Economists’ estimates in the Bloomberg survey ranged from 323,000 to 360,000. The prior week’s claims were revised up from an initial reading of 339,000.
No states estimated the number of claims for last week, the Labor Department said.
Another report today showed wholesale prices dropped in October for a second month, showing inflation remains tame.
The 0.2 percent decrease in the producer price index followed a 0.1 percent fall the prior month, the separate Labor Department report showed. The decline matched the median estimate in a Bloomberg survey of 75 economists. The so-called core measure, which strips out volatile food and fuel, climbed 0.2 percent after a 0.1 percent gain in September.
Stock-index futures held earlier gains after the reports. The contract on the Standard & Poor’s 500 Index maturing in December rose 0.2 percent to 1,783.5 at 8:50 a.m. in New York.
The four-week average of claims, a less-volatile measure, decreased to 338,500 last week from 345,250 the prior week.
The number of people continuing to receive jobless benefits increased by 66,000 to 2.88 million in the week ended Nov. 9.
Continuing claims don’t include Americans who have exhausted their traditional state aid and are receiving emergency and extended benefits under federal programs. Those job seekers decreased by about 32,200 to 1.3 million in the week ended Nov. 2.
The unemployment rate among people eligible for benefits held at 2.2 percent in the week of Nov. 9, where it’s been since mid-September.
Forty-seven states and territories reported an increase in claims, while six reported a decrease. These data are reported with a one-week lag.
Federal Reserve policy makers meet next Dec. 17-18 to weigh whether economic growth and progress in the labor market merit a reduction in the $85 billion of monthly asset purchases.
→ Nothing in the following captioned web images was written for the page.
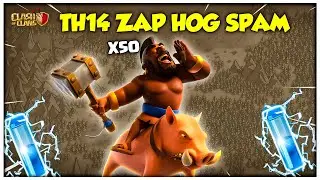 Victory 100℅ !! TH14 Mass Hog Attack Strategy | Th14 Zap Hogs | Clash of Clansl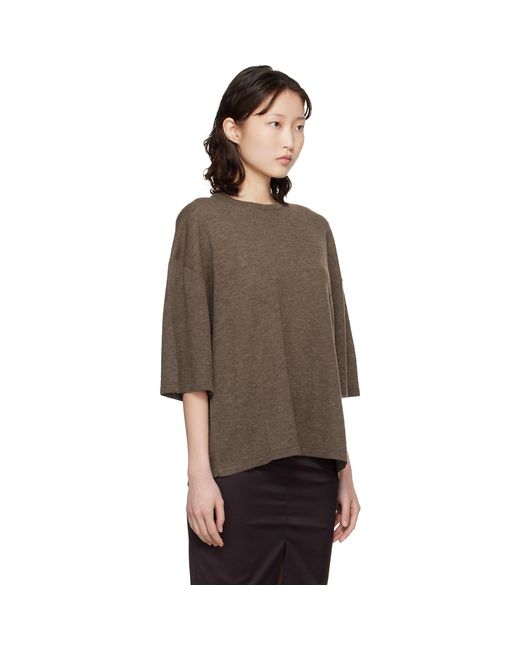 Cordera Brown Merino Wool Oversized T-Shirt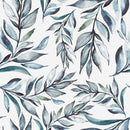 Elegant Watercolor Leaves Wallpaper Fashionable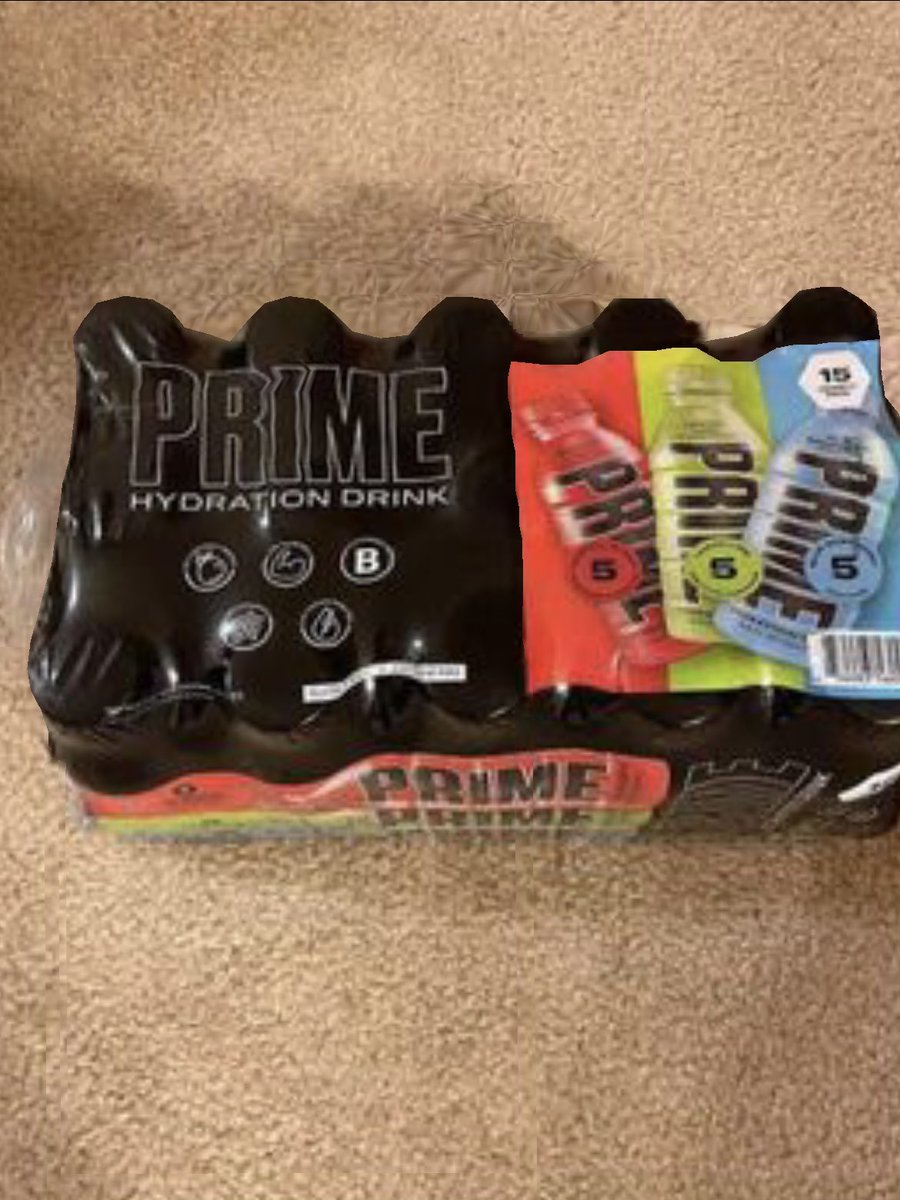 2522prince's tweet photo. FOR SALE: 
15 bottles of prime. Willing to swap for a 2 bedroom apartment in Spain. #primedrink https://t.co/POUX53dOS1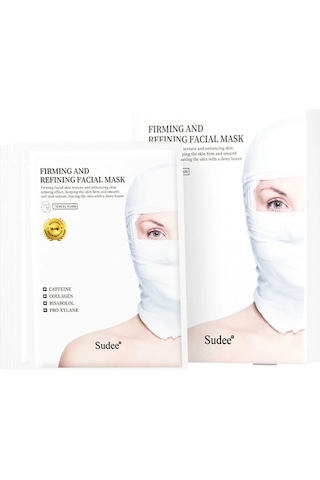 Sudee Firming & Refining Yüz Maskesi Cilt Sıkılaştırıcı Ve Onarıcı Kore Band Maskesi 1 Adet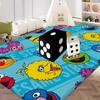 Sesame Street Cartoon Printed Floor Mat INS Style Soft Bedroom Floor House Laundry Room Mat Anti-skid Household Carpets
Fed Vice Chairman Janet Yellen, nominated to succeed Ben S. Bernanke when his term expires Jan. 31, told lawmakers last week that “supporting the recovery today is the surest path to returning to a more normal approach to monetary policy” and that the Fed “has more work to do” in boosting the expansion.
Employers added 204,000 workers to payrolls in October even as gridlock over the budget in Washington forced the partial closing of federal agencies, topping the most optimistic forecast in a survey of economists, a Nov. 8 Labor Department report showed.
Retail sales showed a stronger-than-forecast pickup in October, a positive sign for companies as shoppers enter the holiday season. The 0.4 percent increase was the most in three months and higher than the 0.1 percent median in a Bloomberg survey of 86 economists.
Consumer spending gains even amid the 16-day partial federal government shutdown are lifting the outlook for businesses such as La-Z-Boy Inc. of Monroe, Michigan.
“It isn’t anything to be alarmed about,” Chief Executive Officer Kurt Darrow said on an earnings call yesterday, referring to the shutdown’s effects. “The consumer recovered pretty nicely.”